One of the most important parts of event planning is raising awareness. Whether you’re looking for gala attendees, concert-goers, or parent volunteers to help out at field day, sending out event marketing messages is vital to an event’s success.
Because people use their phone so often, the phone itself can be a valuable marketing tool. SMS specifically allows for information to be conveyed immediately and permanently. There’s no need for the recipient to copy down dates or locations when it’s already in print right before them.

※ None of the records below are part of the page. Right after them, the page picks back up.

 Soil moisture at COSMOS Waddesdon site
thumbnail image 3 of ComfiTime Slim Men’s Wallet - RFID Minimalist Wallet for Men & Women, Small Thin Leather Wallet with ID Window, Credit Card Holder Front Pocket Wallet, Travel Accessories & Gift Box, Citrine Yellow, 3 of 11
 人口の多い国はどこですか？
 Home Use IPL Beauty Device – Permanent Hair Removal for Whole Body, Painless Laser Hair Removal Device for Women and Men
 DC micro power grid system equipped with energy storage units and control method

Compiling Contacts for SMS Marketing
Due to laws governing SMS marketing, you can’t simply add all of your organization’s contacts to an SMS marketing list. Recipients must opt-in to receive communication from you. There are several ways that they can do this:
- Opt-in during a pre-existing SMS text message conversation. If you are already engaged in SMS communication with a client, customer, or an interested party, that conversation is the ideal time to ask if they’d be interested in hearing more. The conversation can serve a dual purpose and confirm that the number they’re using is correct. If they choose to receive future messages, their information can be added automatically to the list they’ve chosen to be a part of.
- Opt-in as initial contact. Sometimes, those who have no affiliation with an organization can decide that they’d like to opt-in for specific marketing messages. Perhaps they’re standing in front of a venue or browsing a website. They can opt-in to all future communication by entering their phone number into a field on the website or sending a keyword to a short code advertised on a flyer. This allows for a greater reach of marketing, as you aren’t limiting the communication to those with whom you have a pre-existing relationship.

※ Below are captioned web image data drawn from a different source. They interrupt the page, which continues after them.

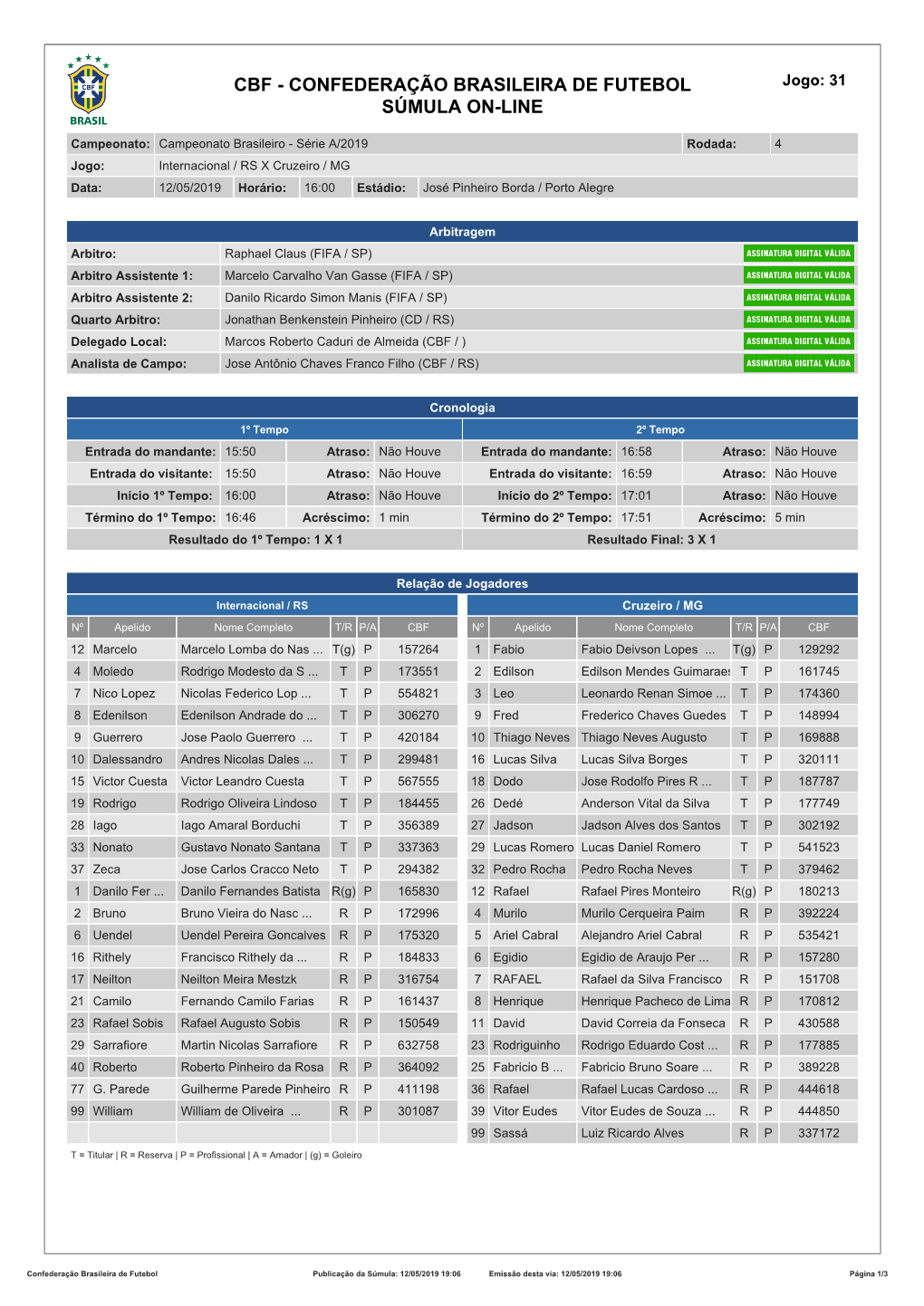 CBF - CONFEDERAÇÃO BRASILEIRA DE FUTEBOL Jogo: 31 SÚMULA ON-LINE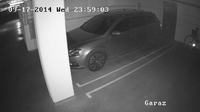Jaka kamera IP do monitoringu miejsca postojowego w garażu podziem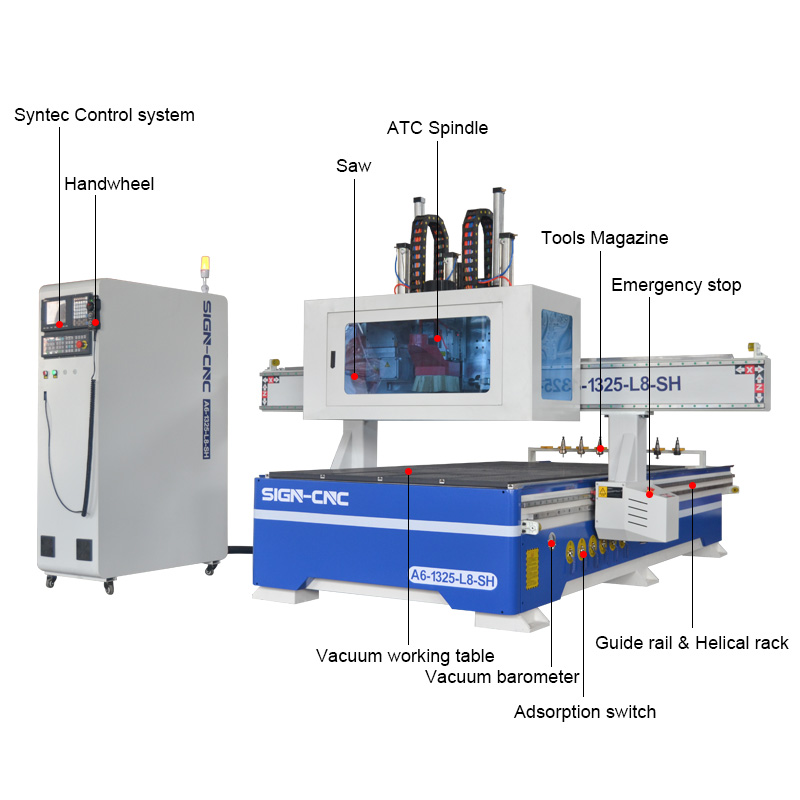 A6-1325-L8-SH Woodworking CNC Router with Cutting Saw and horizontal spindle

- Opt-in in person. Other times, whether during their first contact with an organization or at a meeting they’ve been attending for years, customers can tell an organization’s employees verbally that they would like to receive texts. When this occurs, the employee can mark on the contact that they’ve opted in to messages from this source.

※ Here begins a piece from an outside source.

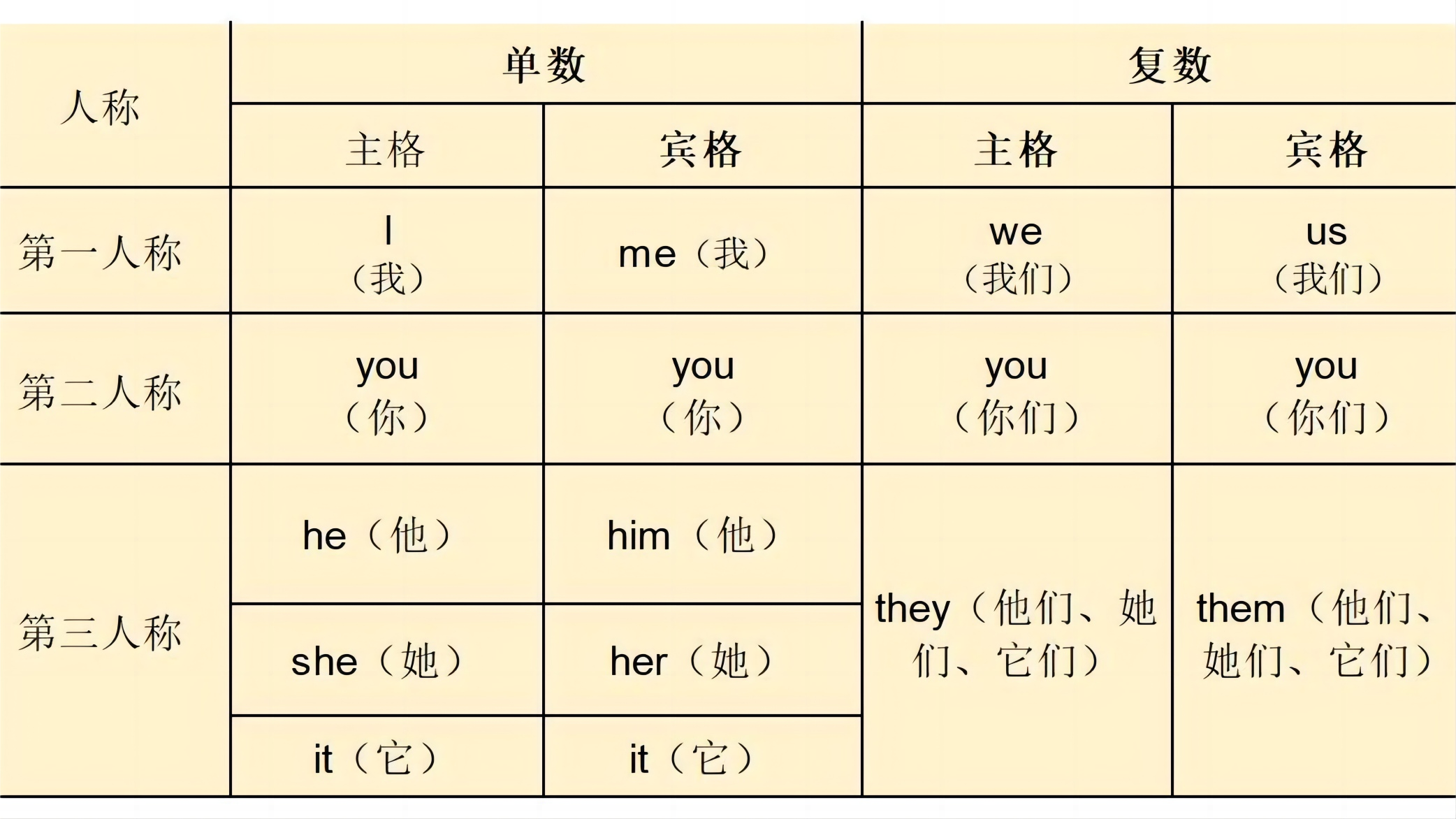 sheep的复数形式图片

Segmenting Contacts for SMS Marketing
Not everyone who opts in for SMS marketing messages will be interested in everything you have to say. It can be wise to sort recipients by areas of interest to make sure you aren’t filling your audience’s phones with messages that will waste their time.
This can be done automatically, as recipients opt in to the list. The individual could, for instance, reply ATLJAMS to a marketing message to receive notifications only about concerts in Atlanta.
This can also be done manually. For example, if records show that a contact has attended only Spanish-language shows, it may be best to remove her from English-language marketing lists.
Once these lists are segmented, notices can be sent to all contacts or just one of many lists.